Default example is broken and non-representative

May 4, 2015 at 4:17 PM
The 'hello world' example provided here is wrong on many levels.

First, at 1024x1024 data frame, you get inconsistent results due to overflow. You probably don't want to show users that results diverge between GPU and CPU.

Second, code is broken since there is now a reduce instead of accumulate and also there's the MINMAX business that should probably be mentioned (who will not encounter this problem?)

Finally, and this is the critical issue, the CPU is much faster than the GPU for this example. On my machine I am getting 44msec on GPU vs 2msec on CPU. Even when I deliberately try to add the workload (e.g., calculating x = sin(x)) on both CPU and GPU, I still get 38msec on GPU vs 15msec on CPU.

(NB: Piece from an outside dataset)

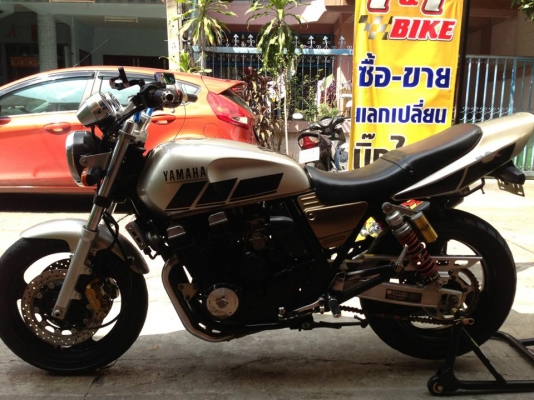 ต้ำพระราม2 ขาย yamaha xjr400ปี97 inv สพม เครื่องแห้งๆไฟใช้ได้ครบ(รับ-แลก-เทิร์นทุกรุ่น)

Here's the source code I'm using:
void consume_library()
  const int count = 1024*1024;
  array<float> data(count);
  array_view<float, 1> view(data);
  amp_stl_algorithms::iota(begin(view), end(view), 1.0f);

  Timer timer(true);
  amp_stl_algorithms::iota(begin(view), end(view), 1.0f);
  auto last = amp_stl_algorithms::remove_if(begin(view), end(view),
    [=](const float& v) restrict(amp) { return int(v) % 2 == 1; });
  // interesting note: sinf will not work below (restrict!), need <amp_math>
  amp_stl_algorithms::transform(begin(view), end(view), begin(view), [=](float f) restrict(amp) { return precise_math::sin(f); } );
  float total = amp_stl_algorithms::reduce(begin(view), last, 0.0f);
  auto elapsed = timer.Elapsed().count();
  cout << setprecision(0) << fixed << total << " on GPU in " << elapsed << "msec."<< endl;

  vector<float> v(count);
  std::iota(begin(v), end(v), 1.0f);
  auto l = std::remove_if(begin(v), end(v), [=](const float& z) { return int(z) % 2 == 1; });
  std::transform(begin(v), end(v), begin(v), sinf);
  total = accumulate(begin(v), l, 0.0f, [=](float f1, float f2) { return f1 + f2; });
  elapsed = timer.Elapsed().count();
  cout << setprecision(0) << fixed << total << " on CPU in " << elapsed << "msec." << endl;
and here is the Timer class:
#pragma once

#include <chrono>

class Timer
  using clock = std::chrono::high_resolution_clock;
  using msec = std::chrono::milliseconds;
  clock::time_point start_;
  void Reset()
    start_ = clock::now();

  msec Elapsed() const
    return std::chrono::duration_cast<msec>(clock::now() - start_);

  explicit Timer(bool run = false)
    if (run) Reset();

  template<typename T, typename Traits>
  friend basic_ostream<T, Traits>& operator<<(basic_ostream<T, Traits>& out, const Timer& timer)
    return out << timer.Elapsed().count();